- Born: 15 August 1950 (age 75) Mymensingh District, East Bengal, Dominion of Pakistan
- Education: Government Institute of Arts (now Faculty of Fine Arts, University of Dhaka)
- Known for: Watercolour painting
- Movement: Contemporary art
- Awards: Shilpakala Padak (2018)

= Alakesh Ghosh =

Bangladeshi watercolour painter (born 1950)

Alakesh Ghosh (অলকেশ ঘোষ; born 15 August 1950) is a Bangladeshi watercolour painter. He is known for his watercolour landscapes depicting rural Bengal, rivers, boats, and historical sites of Dhaka. He received the Shilpakala Padak in 2018.

== Early life and education ==
Alakesh Ghosh was born on 15 August 1950 in Mymensingh District, East Bengal, Dominion of Pakistan (in the present-day Jamalpur District, Bangladesh). His village is close to the Brahmaputra River, where he spent his childhood. He lost his father at the age of eight.

He enrolled at the Government Institute of Arts (now the Faculty of Fine Arts, University of Dhaka) in 1967 and graduated in 1972. His teachers included Zainul Abedin, Quamrul Hassan, Safiuddin Ahmed, and Mohammad Kibria.

== Career ==
Ghosh began his career as a freelance artist and worked as a designer for the newspapers Dainik Bangla and Bichitra. He has participated in numerous group exhibitions in Bangladesh, Japan, and India. His first solo exhibition was held in Boston, United States, in 1981. In 1990, he participated in an art auction at Harvard University.

In 2007, the Bengal Foundation produced a 24-minute documentary on Ghosh titled Jal Chobi / Water Play, directed by Shabnam Ferdausi. In 2017, a solo exhibition of his work was held at the Bangladesh National Museum, where a book on his life and work, Life and Works: Alakesh Ghosh, was launched.

In 2025, he participated in the group exhibition "Art show brings together artists from five countries" organised by Gallery Cosmos.

== Artistic practice ==
Ghosh works primarily in watercolour, though he has also used oils, acrylics, and mixed media. His subjects include riverine landscapes, rural life, boats, historical sites of Old Dhaka (including Panam Nagar and Sonargaon), and portraits. He has produced about 1,000 watercolours on Dhaka alone.

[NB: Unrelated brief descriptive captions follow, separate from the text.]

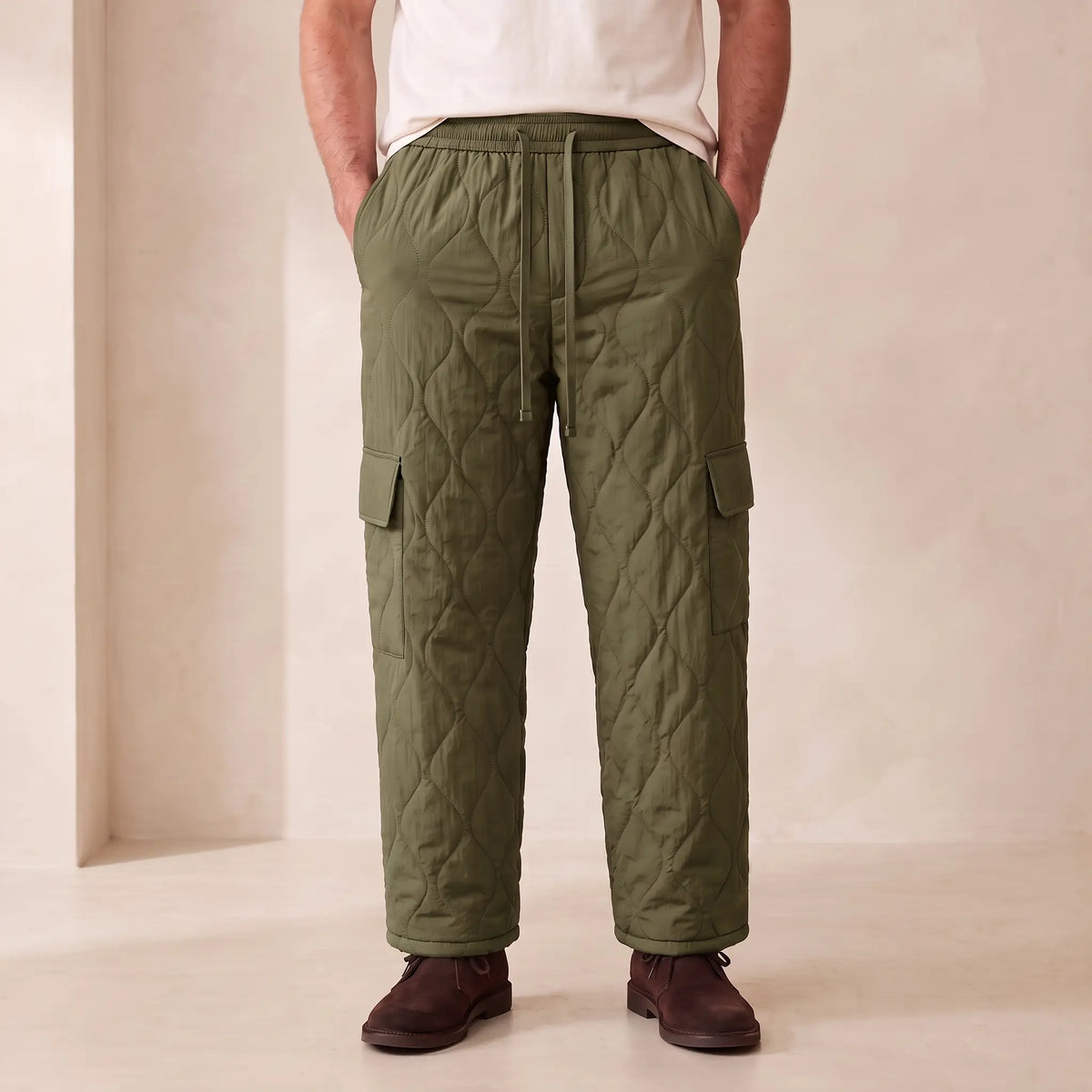 COSY QUILTED TROUSERS in army green, men's plush-lined quilted cargo trousers with drawcord waist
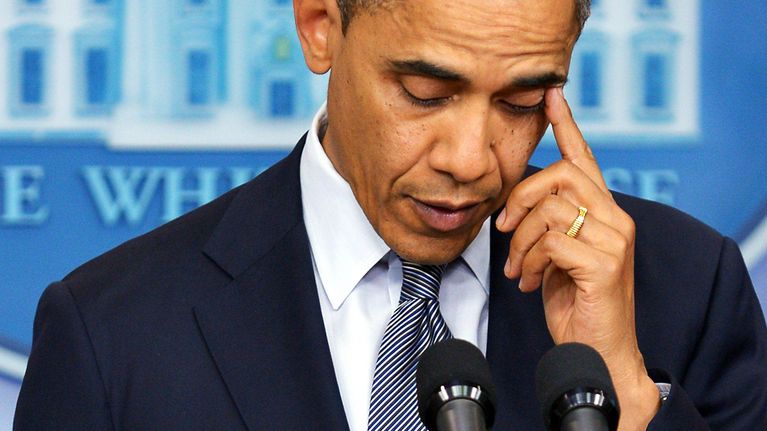 Barack Obama pyyhkii kyyneleitä puhujankorokkeella.
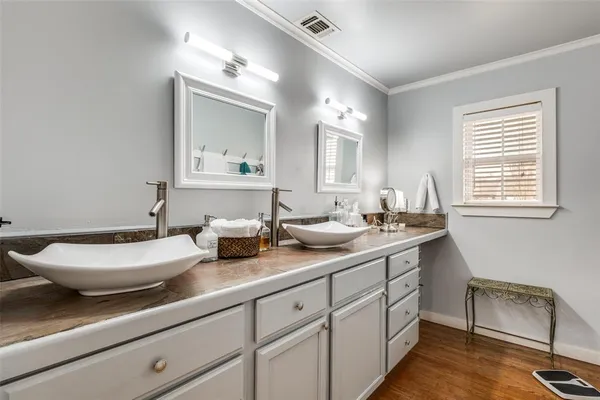 a bathroom with a double vanity sink and a mirror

Ghosh has cited Mohammad Kibria, Rafiqun Nabi, Monirul Islam, Quamrul Hassan, and Safiuddin Ahmed as influences. He has also drawn inspiration from Western artists such as Vincent van Gogh, Paul Cézanne, and Paul Gauguin.

== Selected exhibitions ==

=== Solo exhibitions ===

- 1981 – Boston, United States
- 2007 – "The Forms and Poetry of Nature", Bengal Gallery of Fine Arts, Dhaka
- 2013 – Dhaka Art Center, Dhaka
- 2017 – Bangladesh National Museum, Dhaka

=== Group exhibitions ===

- 2010 – "Rooted Creativity-4", Bengal Gallery of Fine Arts, Dhaka
- 2022 – 19th Asian Art Biennale Bangladesh
- 2025 – "Art show brings together artists from five countries", Gallery Cosmos, Dhaka
- 2026 – "Group show displays 500 artworks", National University, Gazipur

== Awards and recognition ==
Ghosh received the Shilpakala Padak in 2018 from the Bangladesh Shilpakala Academy. A book on his life and work, Life and Works: Alakesh Ghosh (ISBN 9789843397225), was published by Cosmos Books in 2016.